When the COA met April 5, members discussed the agenda for a get-together the group’s hosting Wednesday, April 16, from 10 a.m. to noon, at the War Memorial Building.

Present were Chairman Harold Smith; members Frank Esielionis, Ann Towne, Marcia Sullivan, Nancy Zaleski and new recruit Ray Gagnon; Jean Bowden, the Montachusett Regional Transit Authority (MART) van dispatcher and driver; and Martha Campbell, director of the Groton Senior Center.

A number of Shirley seniors visit the Groton center, said Campbell. In addition to tapping her experience, the group can use Groton’s successful program as a model as it maps out plans to establish a senior center in town.

The plans for the senior center include groundwork so far. A recent tour of possible sites, for example, ruled out a room at the library. Although the room was reputedly set aside for the purpose when the new building was constructed, the group agreed it’s since segued to other uses and won’t work as a senior center.

The Center School, on the other hand, might work out fine. In its favor are a central location in the town’s historic district, ample parking and handicapped access.

The old building has been kept up, too, with several major upgrades and repairs in recent years. It was used to house a couple of preschool and kindergarten classes until this year, when it was mothballed to save money.

The School Department has jurisdiction, so the superintendent would have to OK its alternative use.
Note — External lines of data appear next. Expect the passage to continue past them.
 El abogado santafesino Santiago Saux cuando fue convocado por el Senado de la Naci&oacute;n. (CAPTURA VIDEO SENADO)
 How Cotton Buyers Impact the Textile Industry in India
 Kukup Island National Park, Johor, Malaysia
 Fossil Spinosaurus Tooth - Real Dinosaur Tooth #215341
If it makes the final cut, the COA said it may host a tour of the building that can be filmed for the cable access TV channel.
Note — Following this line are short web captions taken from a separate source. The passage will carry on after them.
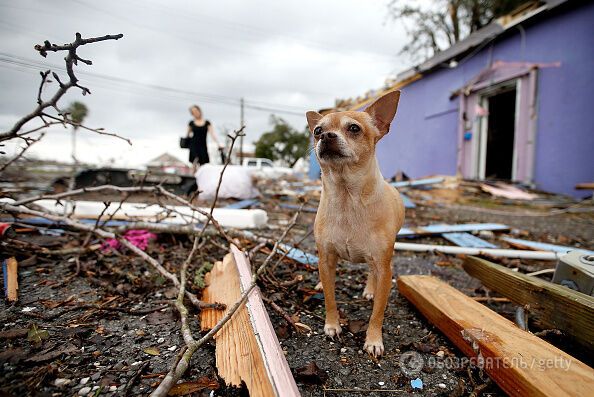 Летали дома, вырывались столбы: появились жуткие фото и видео разрушительного торнадо в США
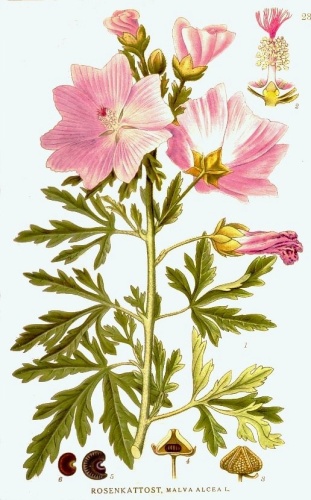 Malva alcea © <bdi><a href="https://en.wikipedia.org/wiki/en:Carl_Axel_Magnus_Lindman" class="extiw" title="w:en:Carl Axel Magnus Lindman">Carl Axel Magnus Lindman</a>
</bdi>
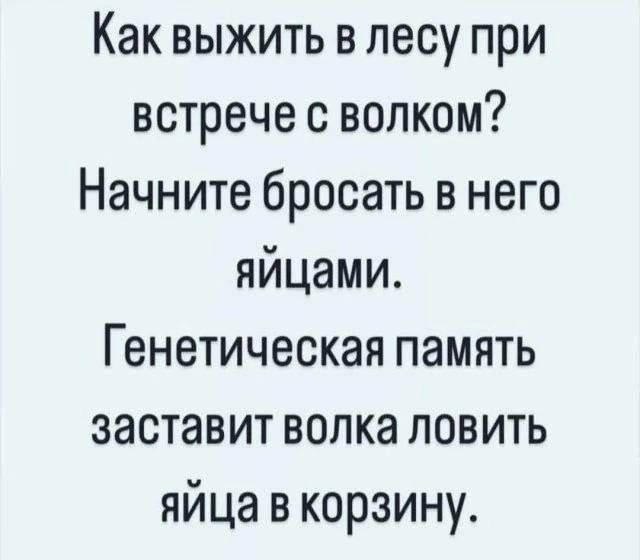 Как выжить в лесу при встрече с волком Начните бросать в него яйцами Генетическая память заставит волка ловить яйца в корзину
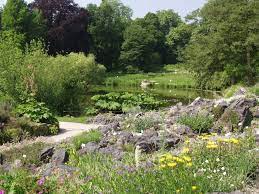 Find your nearby botanic gardens: Stadt Munster Munster Marketing Altstadt Botanischer Garten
Another option is to build new on a site behind the police station.

That would take money, but as Frank Esielionis noted at a previous Board of Selectmen’s meeting, there’s $250,000 in MCI funds earmarked to build a senior center.

Selectmen Chairman Leonardo “Chip” Guercio said the money’s still there.
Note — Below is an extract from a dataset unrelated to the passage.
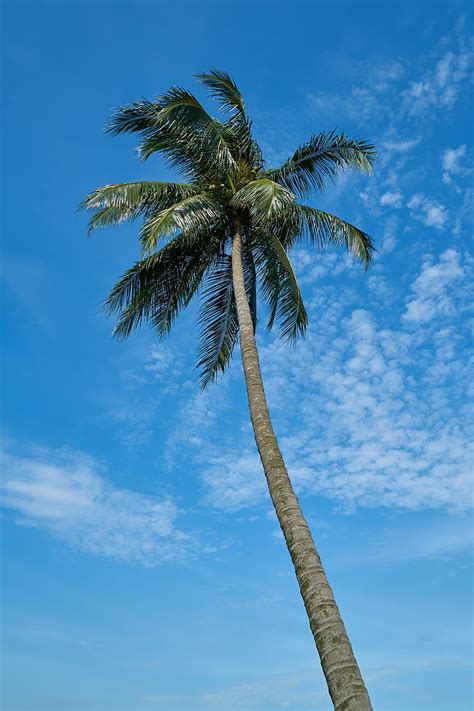 Palm Tree Sky Clouds Tropics Hd Mobile Wallpaper Peakpx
But that could change as the board keeps “dipping into” that account to pay town bills, said Selectman Enrico Cappucci.

A more pressing need is to hire a COA director, the first item to be addressed at the April 16 event. The $40,000 price tag covers a full-time salary plus benefits.

That brought up a quandary: Which should come first, the position or a center?

COA members had favored the latter, but Guercio steered them toward the former, said Towne. The director would have a desk at the Town Offices until a permanent headquarters could be set up, she said.

Board members stressed that the green light for both initiatives must come from the town’s seniors. That’s why they’re into outreach and coop efforts. Part of that is forging friendly links with the Golden Age organization, they said. COA members were encouraged to join the other group as a first step in that direction.

Next comes the April 16 event. Refreshments will be served. Transportation, if needed, will be provided.